Cardiovascular Research Center and Division of Cardiology, University of Virginia, Charlottesville (A.N., C.M., A.M.T., C.A.M.).
Arterioscler Thromb Vasc Biol. 2021 Sep;41(9):2387-2398. doi: 10.1161/ATVBAHA.120.314189. Epub 2021 Jul 29.
CD4 T cells are important regulators of atherosclerotic progression. The metabolic profile of CD4 T cells controls their signaling and function, but how atherosclerosis affects T-cell metabolism is unknown. Here, we sought to determine the impact of atherosclerosis on CD4 T-cell metabolism and the contribution of such metabolic alterations to atheroprogression.
Using PCR arrays, we profiled the expression of metabolism genes in CD4 T cells from atherosclerotic apolipoprotein-E knockout mice fed a Western diet. These cells exhibited dysregulated expression of genes critically involved in glycolysis and fatty acid degradation, compared with those from animals fed a standard laboratory diet. We examined how T-cell metabolism was changed in either Western diet–fed apolipoprotein-E knockout mice or samples from patients with cardiovascular disease by measuring glucose uptake, activation, and proliferation in CD4 T cells. We found that naive CD4 T cells from Western diet–fed apolipoprotein-E knockout mice failed to uptake glucose and displayed impaired proliferation and activation, compared with CD4 T cells from standard laboratory diet–fed animals. Similarly, we observed that naive CD4 T-cell frequencies were reduced in the circulation of human subjects with high cardiovascular disease compared with low cardiovascular disease. Naive T cells from high cardiovascular disease subjects also showed reduced proliferative capacity.
These results highlight the dysfunction that occurs in CD4 T-cell metabolism and immune responses during atherosclerosis. Targeting metabolic pathways within naive CD4 T cells could thus yield novel therapeutic approaches for improving CD4 T-cell responses against atheroprogression.

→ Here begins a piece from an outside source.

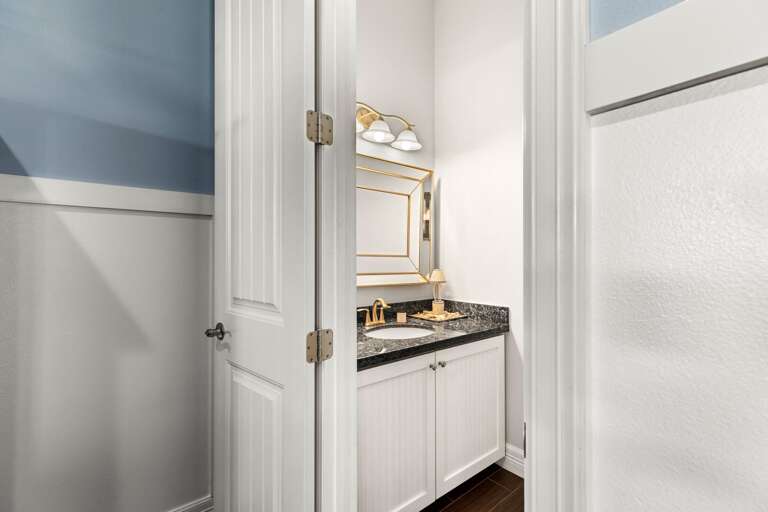 Half Bathroom by the Living Area in Unit 2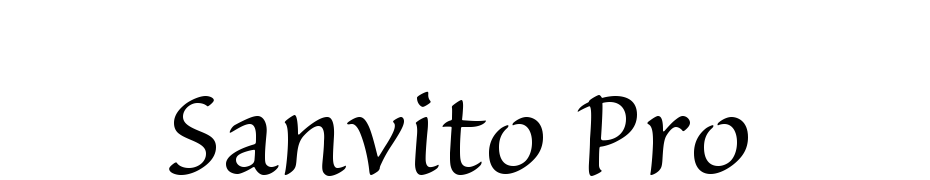Sanvito Pro Yazı tipi ücretsiz indir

CD4 T细胞是动脉粥样硬化进展的重要调节因子。CD4 T细胞的代谢谱控制其信号传导和功能,但动脉粥样硬化如何影响T细胞代谢尚不清楚。在此,我们试图确定动脉粥样硬化对CD4 T细胞代谢的影响以及这种代谢改变对动脉粥样硬化进展的作用。
使用PCR阵列,我们分析了喂食西式饮食的动脉粥样硬化载脂蛋白E基因敲除小鼠的CD4 T细胞中代谢基因的表达。与喂食标准实验室饮食的动物的细胞相比,这些细胞中参与糖酵解和脂肪酸降解的关键基因表达失调。我们通过测量CD4 T细胞中的葡萄糖摄取、活化和增殖,研究了喂食西式饮食的载脂蛋白E基因敲除小鼠或心血管疾病患者样本中T细胞代谢是如何变化的。我们发现,与喂食标准实验室饮食的动物的CD4 T细胞相比,喂食西式饮食的载脂蛋白E基因敲除小鼠的初始CD4 T细胞无法摄取葡萄糖,且增殖和活化受损。同样,我们观察到,与心血管疾病风险低的人类受试者相比,心血管疾病风险高的人类受试者循环中初始CD4 T细胞频率降低。心血管疾病风险高的受试者的初始T细胞增殖能力也降低。
这些结果突出了动脉粥样硬化过程中CD4 T细胞代谢和免疫反应中出现的功能障碍。因此,针对初始CD4 T细胞内的代谢途径可能会产生改善CD4 T细胞抗动脉粥样硬化进展反应的新治疗方法。